Tutto, nel mondo di Randy, è fermo al suo momento di gloria e agli anni ottanta: l’hair metal, le cassette che usa per ascoltarlo, i suoi vestiti, la sua auto, i suoi capelli. E la realtà degradata in cui vive sembra assecondarlo, in tutto il film non si vede un solo cellulare, un computer moderno, o un qualunque segno del progresso tecnologico che si mostra attraverso gli status symbol attuali.
Randy si gioca le ultime carte per cercare una vita normale con l'amica ballerina di lap dance Pam (una bravissima Marisa Tomei ) e tentando di riavvicinarsi alla figlia che non vede da anni (Evan Rachel Wood, che invece non mi ha convinto). Dall'esito di questi drammatici confronti si decide il suo destino.
Le vicende di Randy ci vengono mostrate attraverso l'uso sgranato della pellicola, attraverso riprese che ricordano a volte quelle dei documentari verità, con la camera alle spalle del protagonista, che lo accompagna, quasi lo spinge, nel suo incedere insicuro.
Tanto era l'interesse per The Wrestler, film della risurrezione di Mickey Rourke, che ho letto un numero tale di recensioni e articoli, da non essere certo di poter dire qualcosa di veramente mio, adesso che l'ho finalmente visto, mi perdonerete spero se nel recensirlo qualche concetto già espresso da altri mi possa esser rimasto appiccicato alla tastiera. Nonostante tutta la roba che ho letto comunque, il piacere della visione, l'emozione che ho provato vedendo alcune scene, non ne ha affatto risentito. A tratti la simbiosi tra Mickey e Randy è impressionante.
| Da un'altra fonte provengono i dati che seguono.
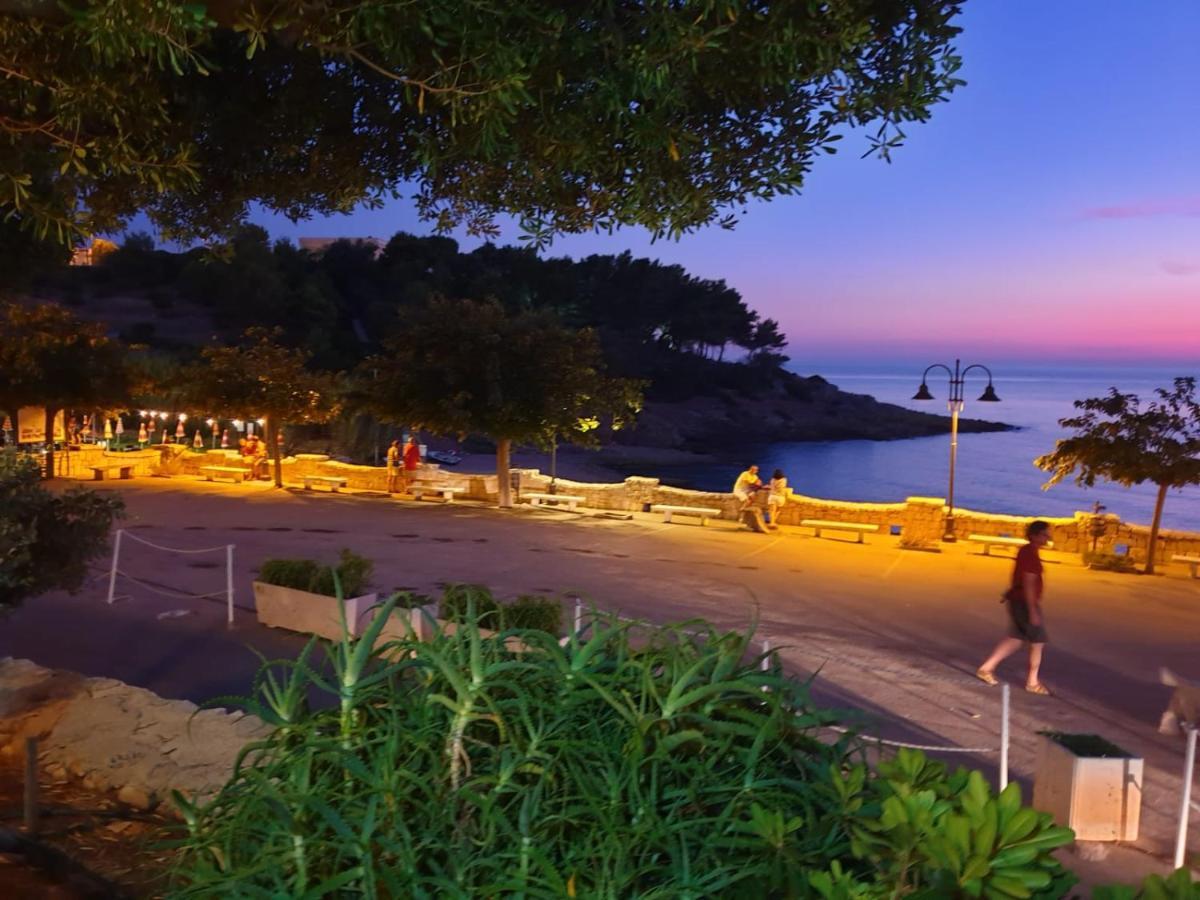 トッレ・ヴァード Casa Baia Vista Mareヴィラ エクステリア 写真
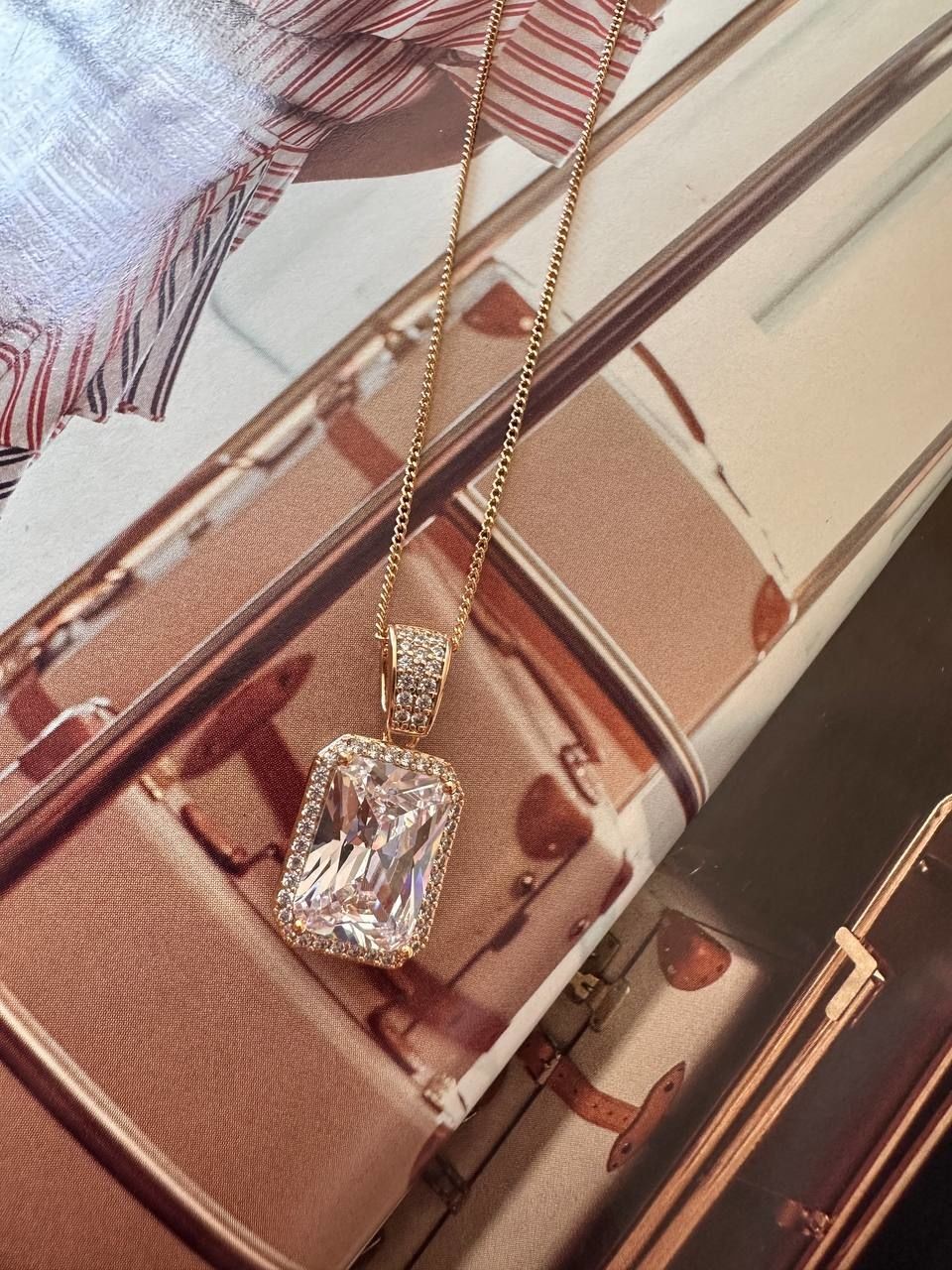 Vip Çelik Gold Renk Zirkon Baget Taş Sallantılı Antialerjik Kolye Uzunluk 45 cm. Uç Genişlik 1,5 cm. Uzunluk 3 cm.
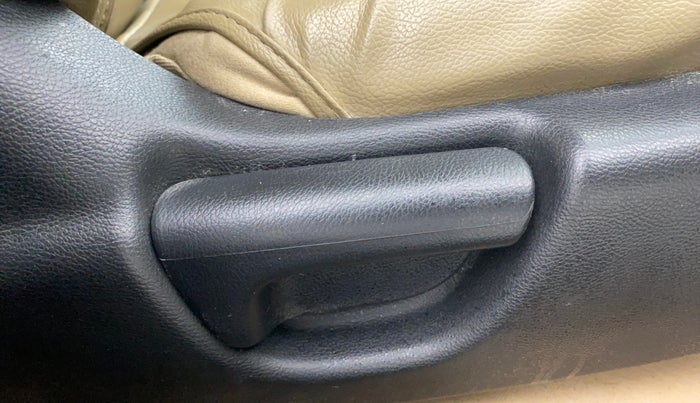 2018 Honda City 1.5L I-VTEC V MT, Petrol, Manual, 92,063 km, Driver Side Adjustment Panel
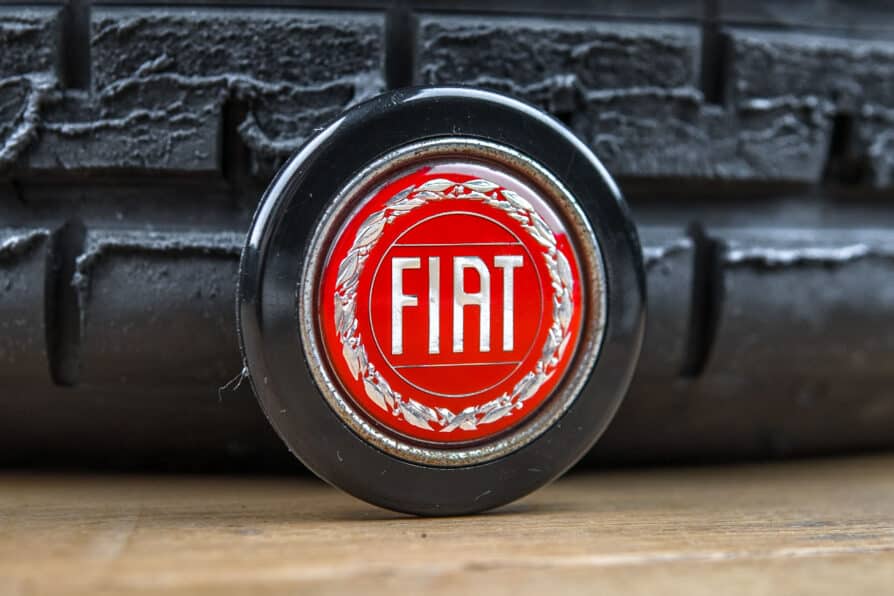 1970' MOMO horn button Fiat 500 / 600 / 124 / 125 / 128 Spider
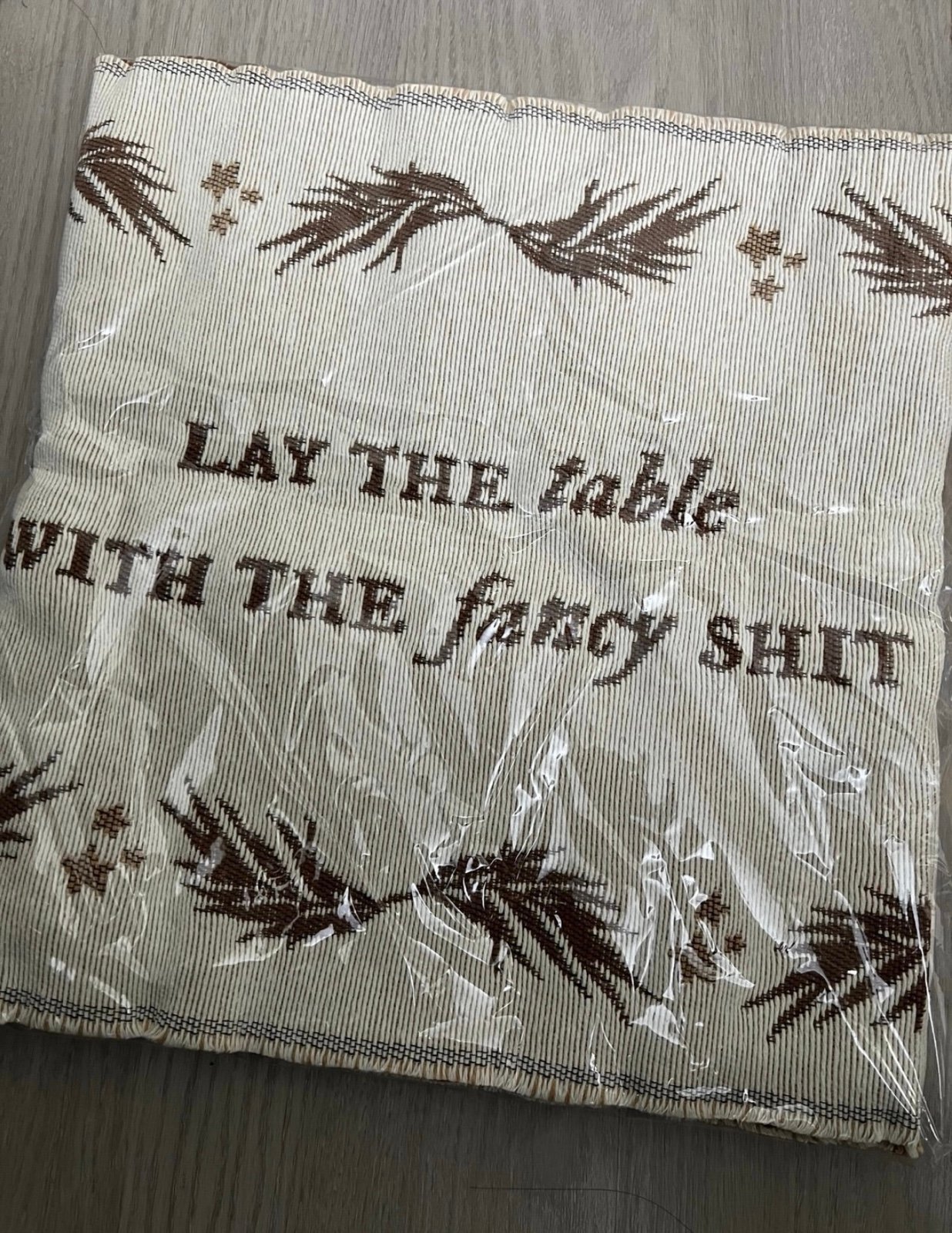 TAYLOR SWIFT EVERMORE TABLE RUNNER “LAY THE TABLE WITH THE FANCY S?!” NEW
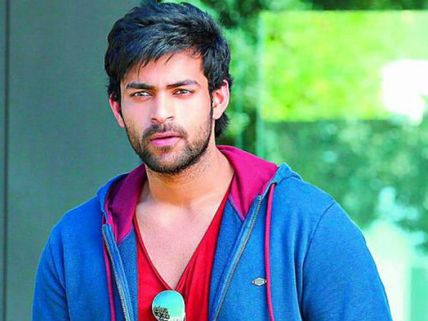 వరుణ్ తేజ్ ఆ దర్శకుడిని పక్కన పెట్టేశాడా.. ఆ తర్వాతే రామ్!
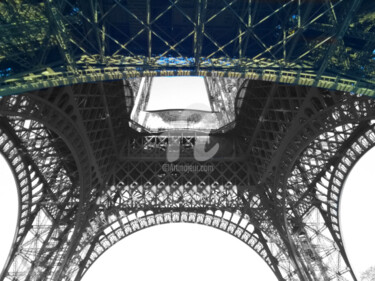 Фотография под названием "Eiffel tower black…" - Splash, Подлинное произведение искусства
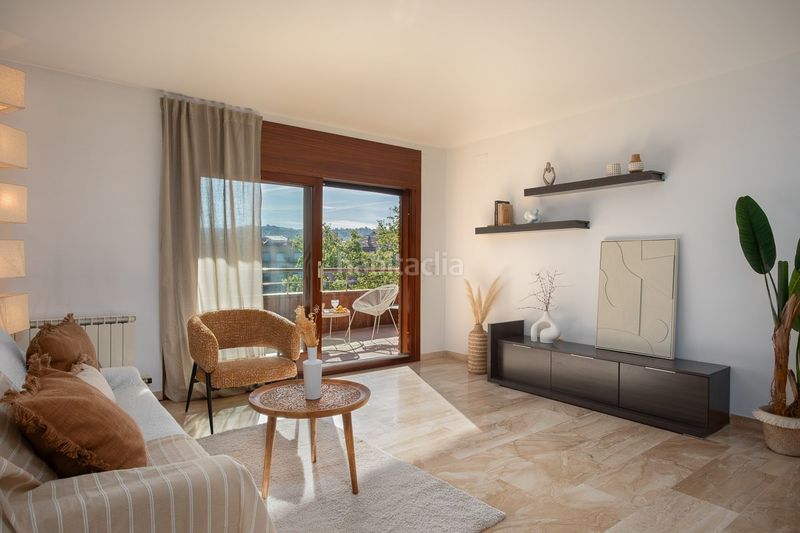 Foto 5e2bf91f-9a94-4f0b-9f44-3aab4a87da42. Pis amb calefacció aparcament a La Devesa Girona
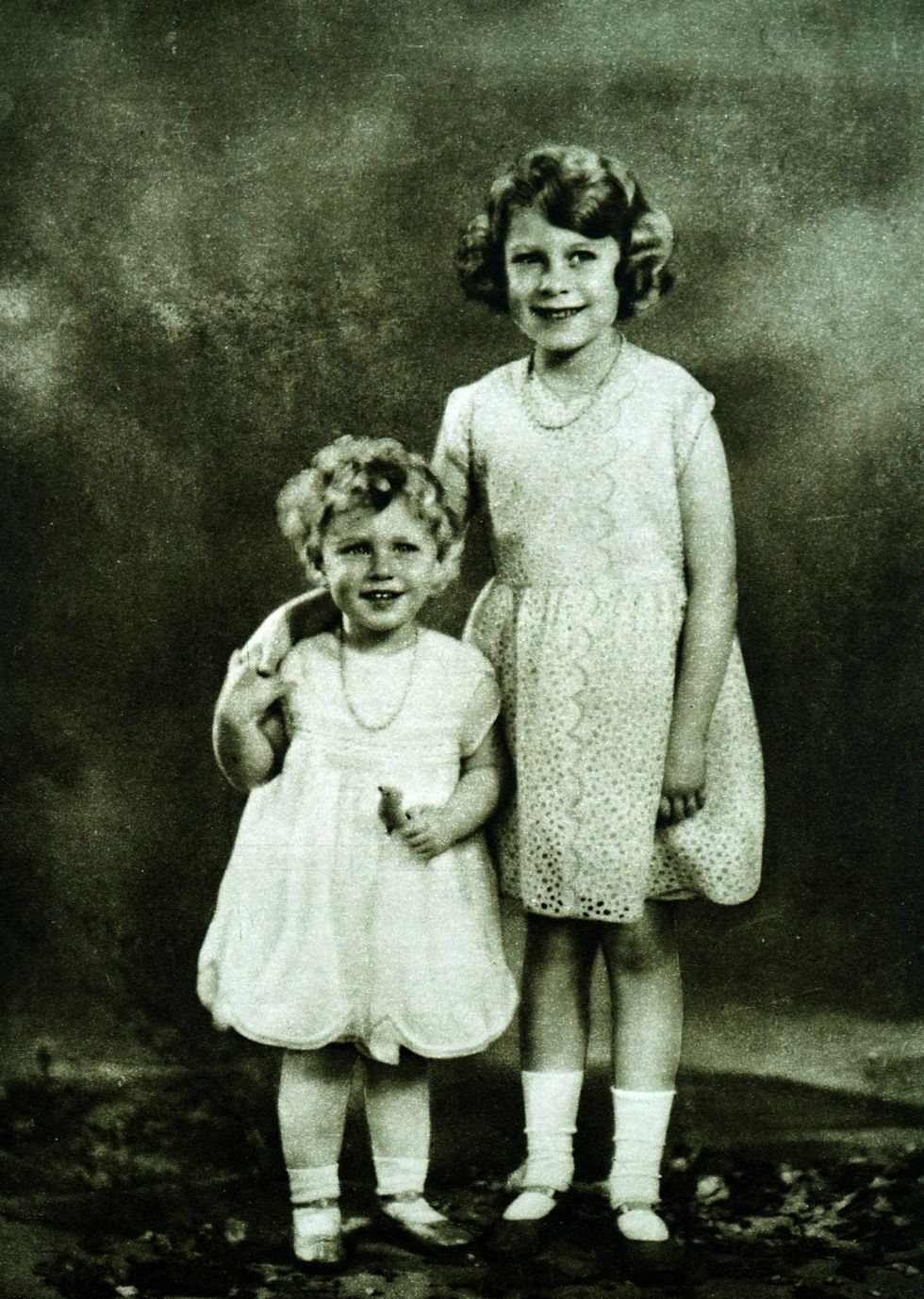 Bức chân dung của anh chị em hoàng gia ngọt ngào làm sao? Em gái của Nữ hoàng Elizabeth là Công chúa Margaret sinh năm 1930, và bức chân dung này được chụp vào một thời điểm nào đó khi cô mới chập chững biết đi.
Fatti due conti, l'incontro che ha segnato l'apice della carriera di Randy Robinson, il wrestler protagonista del film, è del 1989. In quell'anno Mickey Rourke chiudeva la fase più luminosa della sua carriera con due film importanti (Johnny il bello di Walter Hill e Ore disperate di Cimino) prima di precipitare in una micidiale spirale autodistruttiva: difficile pensare a questa analogia tra l'attore e il personaggio che recita nella pellicola di Aronofsky, come ad una casualità.
Forse non sarebbe stato giusto dare l'Oscar a Rourke per la recitazione in questo film, in effetti, non è che si può parlare di una prova d'attore epocale.
L'ex divo delle ragazzine ai tempi di 9 settimane e 1/2 non recita un personaggio, porta sul grande schermo se stesso, senza vergognarsi della sua faccia quasi deforme, della sua inespressività, delle sue ferite ben visibili nel corpo e penso anche nello spirito .
Alla fine, chi se ne fotte del premio di una giuria di rotti in culo: Mickey The Ram Rourke ha schienato i suoi demoni, ed è sopravvissuto per raccontarlo. E a culo tutto il resto.